• _EXERCISE DIRECTIONS_
From the material below, return exactly the lines starting at the one that holds "Hey guys, John" and ending at the one that holds "To upgrade pip, let's". Pictures stay out of the answer.

• _RECORDED INFORMATION_
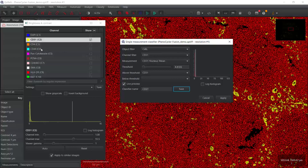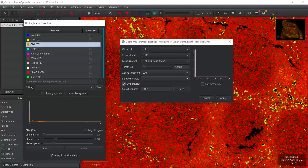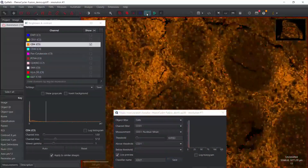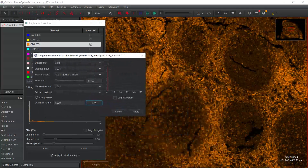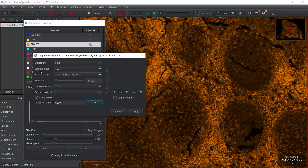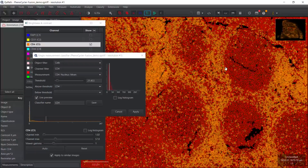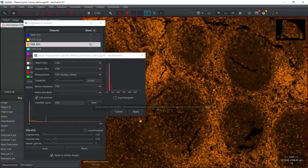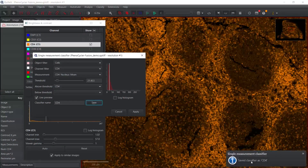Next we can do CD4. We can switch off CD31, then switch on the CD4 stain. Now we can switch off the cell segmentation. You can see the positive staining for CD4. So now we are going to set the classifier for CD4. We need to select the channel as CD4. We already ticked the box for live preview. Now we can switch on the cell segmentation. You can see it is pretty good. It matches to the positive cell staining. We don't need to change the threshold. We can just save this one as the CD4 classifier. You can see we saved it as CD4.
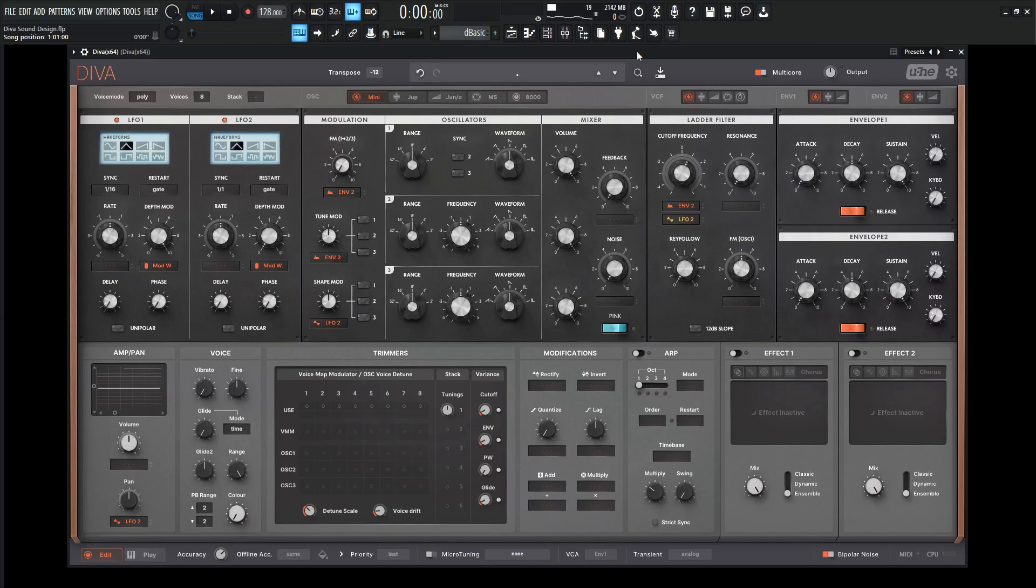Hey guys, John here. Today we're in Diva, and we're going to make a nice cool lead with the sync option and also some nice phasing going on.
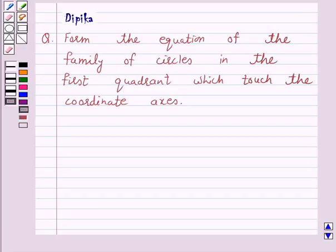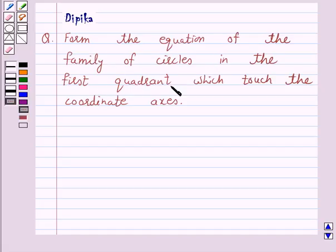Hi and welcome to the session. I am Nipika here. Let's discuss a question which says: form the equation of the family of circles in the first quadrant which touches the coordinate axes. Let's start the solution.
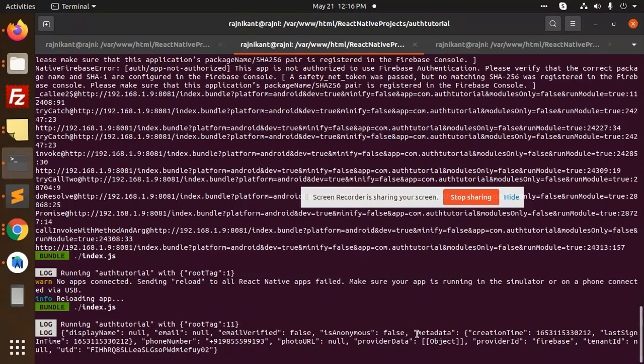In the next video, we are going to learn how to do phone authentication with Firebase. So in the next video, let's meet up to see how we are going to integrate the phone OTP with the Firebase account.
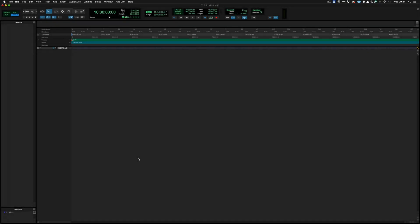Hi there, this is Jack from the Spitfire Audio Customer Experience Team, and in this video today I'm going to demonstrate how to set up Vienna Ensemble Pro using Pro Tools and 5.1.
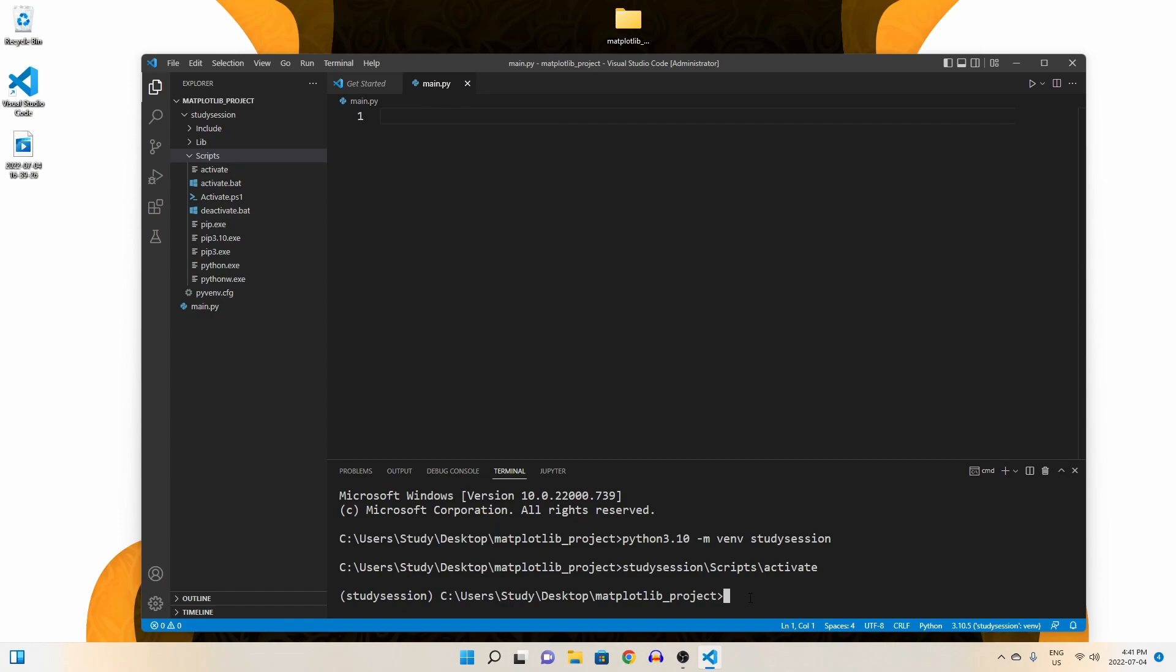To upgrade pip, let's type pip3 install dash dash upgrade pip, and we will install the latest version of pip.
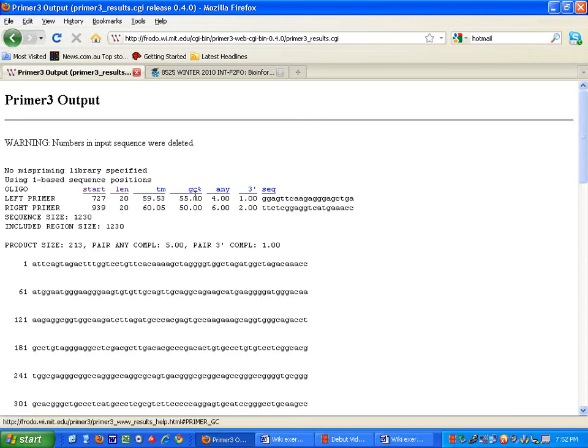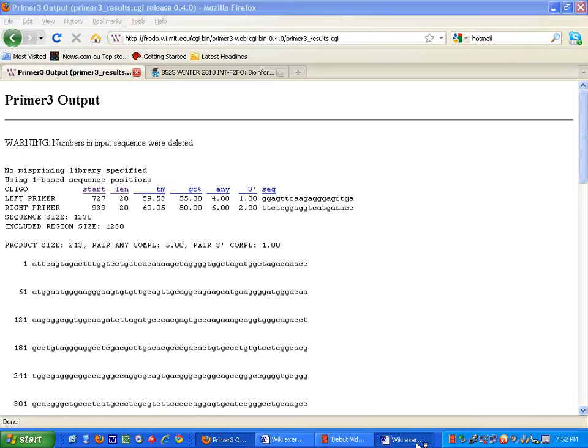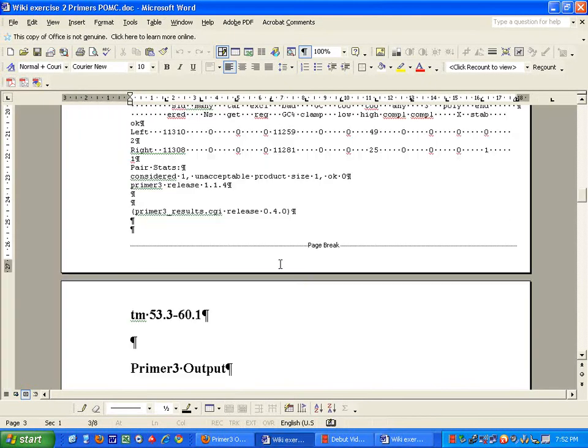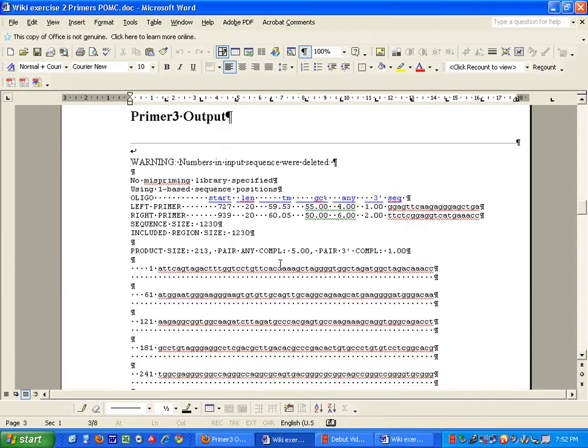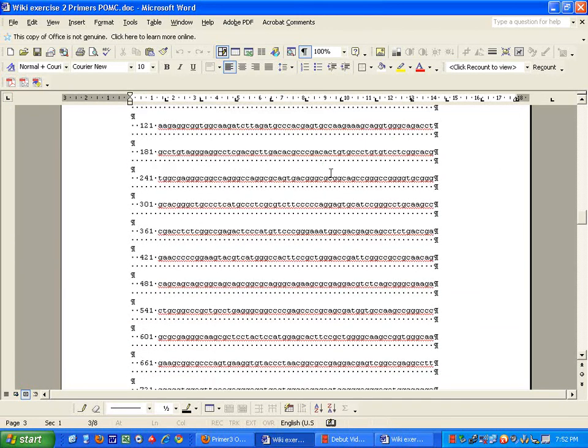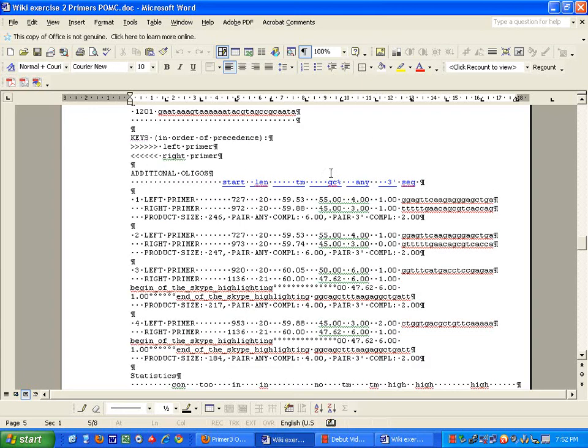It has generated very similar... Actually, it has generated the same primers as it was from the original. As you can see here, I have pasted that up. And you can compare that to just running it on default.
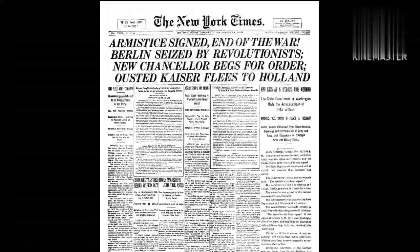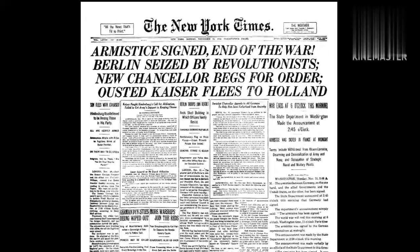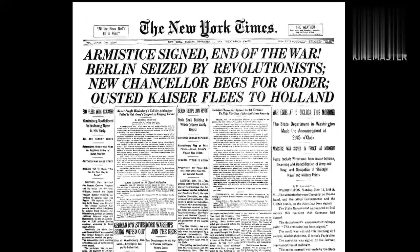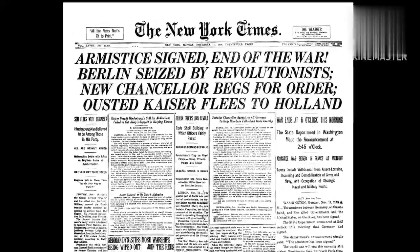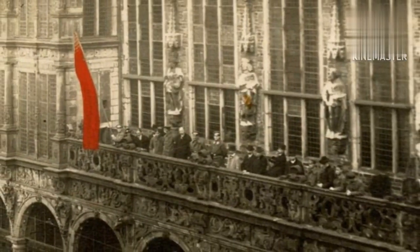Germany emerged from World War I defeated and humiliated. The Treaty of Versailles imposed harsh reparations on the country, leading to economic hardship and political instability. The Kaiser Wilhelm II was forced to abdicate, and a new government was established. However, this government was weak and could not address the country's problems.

• _RESPONSE TO THIS TASK_
Hey guys, John here. Today we're in Diva, and we're going to make a nice cool lead with the sync option and also some nice phasing going on.
Hi and welcome to the session. I am Nipika here. Let's discuss a question which says: form the equation of the family of circles in the first quadrant which touches the coordinate axes. Let's start the solution.
In the next video, we are going to learn how to do phone authentication with Firebase. So in the next video, let's meet up to see how we are going to integrate the phone OTP with the Firebase account.
Hi there, this is Jack from the Spitfire Audio Customer Experience Team, and in this video today I'm going to demonstrate how to set up Vienna Ensemble Pro using Pro Tools and 5.1.
To upgrade pip, let's type pip3 install dash dash upgrade pip, and we will install the latest version of pip.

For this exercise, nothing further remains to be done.